Vous aimez la cold wave de bon poil et le post-punk courtois ? Ces Russes rêvant de Manchester vont vous plaire. Poverty, troisième album d’un groupe qui s’affine avec le temps et se raffine plus qu’un The Drum, propose de la Factory à danser où l’on privilégie le hook à Peter Hook. Poverty est indigent dans sa formule et son audace mais reste un album de plaisirs simples. Voire simplets.

Calypso, la justesse d’une bonne patisserie

Comparer produits alimentaires et musique est toujours un terrain glissant. Pourtant, comparer la pop à une patisserie, un dessert, semble un ici cohérent. Il y aurait alors deux types de fondants au chocolat : celui qui sort du congelateur et qui sent plus le beurre industriel qu’autre chose et celui d’un bon patissier, qui mêlerait l’art de la texture, celui des justes proportions – de sucre, de chocolat, de gras notamment.

Le dernier 45 tours de Calypso sur Metadrone Records ressemble exactement à l’idée qu’on se ferait en musique d’un gateau de la seconde categorie.
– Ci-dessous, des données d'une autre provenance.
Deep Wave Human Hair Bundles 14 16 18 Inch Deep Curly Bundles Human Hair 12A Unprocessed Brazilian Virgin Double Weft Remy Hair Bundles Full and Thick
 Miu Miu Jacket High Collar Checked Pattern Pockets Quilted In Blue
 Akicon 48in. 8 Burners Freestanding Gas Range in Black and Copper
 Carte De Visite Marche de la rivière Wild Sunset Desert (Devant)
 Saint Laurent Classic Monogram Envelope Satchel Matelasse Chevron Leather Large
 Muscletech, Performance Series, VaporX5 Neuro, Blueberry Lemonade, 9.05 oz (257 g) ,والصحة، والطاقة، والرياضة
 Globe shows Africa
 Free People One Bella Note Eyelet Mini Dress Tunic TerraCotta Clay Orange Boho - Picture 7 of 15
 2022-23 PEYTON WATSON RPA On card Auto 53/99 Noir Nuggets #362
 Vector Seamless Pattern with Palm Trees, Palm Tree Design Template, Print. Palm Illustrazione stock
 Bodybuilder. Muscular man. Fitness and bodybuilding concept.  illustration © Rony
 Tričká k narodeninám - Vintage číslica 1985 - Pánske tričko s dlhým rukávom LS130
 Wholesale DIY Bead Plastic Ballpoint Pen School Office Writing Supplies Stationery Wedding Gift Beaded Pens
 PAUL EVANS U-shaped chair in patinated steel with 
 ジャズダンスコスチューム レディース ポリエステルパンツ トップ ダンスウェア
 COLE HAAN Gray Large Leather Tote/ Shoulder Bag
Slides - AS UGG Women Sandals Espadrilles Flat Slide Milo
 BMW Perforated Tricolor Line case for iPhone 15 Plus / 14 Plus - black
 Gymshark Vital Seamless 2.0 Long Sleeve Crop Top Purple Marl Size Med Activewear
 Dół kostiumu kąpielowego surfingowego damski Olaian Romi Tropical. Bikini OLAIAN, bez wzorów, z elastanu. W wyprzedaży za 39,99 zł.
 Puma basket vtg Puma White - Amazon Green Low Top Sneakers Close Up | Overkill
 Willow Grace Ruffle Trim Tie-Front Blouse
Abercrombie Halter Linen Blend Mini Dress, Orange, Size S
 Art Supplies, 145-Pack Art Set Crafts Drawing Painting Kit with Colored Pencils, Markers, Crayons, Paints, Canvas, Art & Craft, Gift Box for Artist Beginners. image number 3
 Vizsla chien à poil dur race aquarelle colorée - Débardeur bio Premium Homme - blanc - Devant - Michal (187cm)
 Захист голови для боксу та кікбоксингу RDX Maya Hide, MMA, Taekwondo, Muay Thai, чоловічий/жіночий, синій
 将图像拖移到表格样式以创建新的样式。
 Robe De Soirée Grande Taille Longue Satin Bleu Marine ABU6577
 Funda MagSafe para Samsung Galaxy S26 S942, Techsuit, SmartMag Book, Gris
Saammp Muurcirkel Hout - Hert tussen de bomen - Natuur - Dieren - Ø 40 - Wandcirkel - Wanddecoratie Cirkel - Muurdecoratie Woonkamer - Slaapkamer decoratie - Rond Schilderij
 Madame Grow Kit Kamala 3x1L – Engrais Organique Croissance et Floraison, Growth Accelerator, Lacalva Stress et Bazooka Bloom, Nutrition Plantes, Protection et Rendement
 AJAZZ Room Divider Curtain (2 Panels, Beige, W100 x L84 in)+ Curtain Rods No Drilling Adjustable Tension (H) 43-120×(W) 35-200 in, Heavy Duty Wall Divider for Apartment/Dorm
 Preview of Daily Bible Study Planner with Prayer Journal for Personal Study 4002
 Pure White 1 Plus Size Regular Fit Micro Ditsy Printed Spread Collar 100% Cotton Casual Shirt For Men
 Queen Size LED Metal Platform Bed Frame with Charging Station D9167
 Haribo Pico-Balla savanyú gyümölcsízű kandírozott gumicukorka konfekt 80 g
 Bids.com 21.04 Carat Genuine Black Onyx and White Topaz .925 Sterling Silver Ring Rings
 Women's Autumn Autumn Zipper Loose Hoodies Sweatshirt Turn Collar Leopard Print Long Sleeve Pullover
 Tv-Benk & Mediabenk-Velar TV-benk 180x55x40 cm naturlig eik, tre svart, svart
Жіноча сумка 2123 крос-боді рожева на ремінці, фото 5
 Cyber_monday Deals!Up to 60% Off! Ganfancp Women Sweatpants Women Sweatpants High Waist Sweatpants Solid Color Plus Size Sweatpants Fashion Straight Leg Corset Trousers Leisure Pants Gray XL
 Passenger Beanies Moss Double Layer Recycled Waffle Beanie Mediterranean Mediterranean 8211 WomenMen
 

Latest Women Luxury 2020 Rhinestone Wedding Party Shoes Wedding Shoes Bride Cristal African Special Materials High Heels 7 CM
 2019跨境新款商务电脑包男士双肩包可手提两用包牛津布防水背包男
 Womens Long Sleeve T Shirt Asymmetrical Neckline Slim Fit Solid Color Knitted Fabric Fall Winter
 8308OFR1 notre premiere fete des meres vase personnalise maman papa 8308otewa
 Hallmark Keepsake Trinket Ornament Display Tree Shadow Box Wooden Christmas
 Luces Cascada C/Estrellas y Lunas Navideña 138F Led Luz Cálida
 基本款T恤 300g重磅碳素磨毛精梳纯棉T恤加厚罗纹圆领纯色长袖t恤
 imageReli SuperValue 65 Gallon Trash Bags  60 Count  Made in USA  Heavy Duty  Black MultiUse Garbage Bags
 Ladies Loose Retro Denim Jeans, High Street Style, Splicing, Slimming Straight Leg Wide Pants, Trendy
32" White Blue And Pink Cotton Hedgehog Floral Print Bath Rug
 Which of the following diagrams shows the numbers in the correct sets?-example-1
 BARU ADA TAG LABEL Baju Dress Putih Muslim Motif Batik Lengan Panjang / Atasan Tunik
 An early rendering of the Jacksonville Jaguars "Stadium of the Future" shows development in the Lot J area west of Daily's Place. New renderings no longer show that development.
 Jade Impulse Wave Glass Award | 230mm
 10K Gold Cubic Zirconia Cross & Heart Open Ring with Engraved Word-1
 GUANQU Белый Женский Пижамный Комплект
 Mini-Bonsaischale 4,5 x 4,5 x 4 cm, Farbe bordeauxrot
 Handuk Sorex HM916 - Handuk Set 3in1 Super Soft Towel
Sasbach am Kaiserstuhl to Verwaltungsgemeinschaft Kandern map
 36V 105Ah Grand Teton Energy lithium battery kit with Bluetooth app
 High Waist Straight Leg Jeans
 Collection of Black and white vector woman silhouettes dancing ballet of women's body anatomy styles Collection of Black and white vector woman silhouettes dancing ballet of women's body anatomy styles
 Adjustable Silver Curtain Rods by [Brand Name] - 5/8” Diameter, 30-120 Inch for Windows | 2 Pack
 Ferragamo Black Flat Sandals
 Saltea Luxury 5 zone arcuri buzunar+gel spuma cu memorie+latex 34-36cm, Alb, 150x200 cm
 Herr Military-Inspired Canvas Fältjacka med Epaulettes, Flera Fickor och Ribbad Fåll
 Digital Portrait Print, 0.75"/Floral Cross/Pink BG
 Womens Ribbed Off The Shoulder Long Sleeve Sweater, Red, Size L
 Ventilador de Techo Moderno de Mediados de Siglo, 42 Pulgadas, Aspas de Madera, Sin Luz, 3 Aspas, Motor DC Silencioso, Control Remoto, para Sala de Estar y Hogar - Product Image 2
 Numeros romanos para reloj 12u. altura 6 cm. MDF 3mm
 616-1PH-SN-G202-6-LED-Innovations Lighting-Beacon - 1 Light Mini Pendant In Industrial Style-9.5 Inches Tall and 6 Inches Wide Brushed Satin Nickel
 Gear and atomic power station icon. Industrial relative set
C’est fin, plein d’évocations, très riche, doux mais exaltant. En deux titres, le quintet réussit à créer une friandise raffinée, servie en petite portion. Loin de vouloir immédiatement se reservir, on se dit que lors de notre prochain passage chez ces maîtres de pop, on aura envie d’essayer autre chose. Un long format? Espérons. Quoi qu’il en soit, ce single est un savant régal.

Paris, Ker meilleur que jamais

Supergroupe issue de la mafia des quadras parisiens, Paris rassemble des membres de Poni Hoax, Limousine et du précieux Gyrls. Après un album parfois laborieux dans son élaboration avec son groupe principal, il semble que Nicolas Ker ait eu un sacré désir de revanche : pour preuve, dans cet album conçu comme en famille et sorti aujourd’hui sur Ekleroshock, il chante comme il n’a jamais chanté. Juste, pertinent dans tous ses placements, puissant comme à ses débuts, il brille de mille feux. La production est tout aussi réussie, évitant les facilités electro-pop pour planquer dans la pop un vrai disque de synthétiseurs, épais comme celui d’un Blackmail ou d’un Sommet. Victoire par K.O. des anciens dans le match contre les kids du rock de France.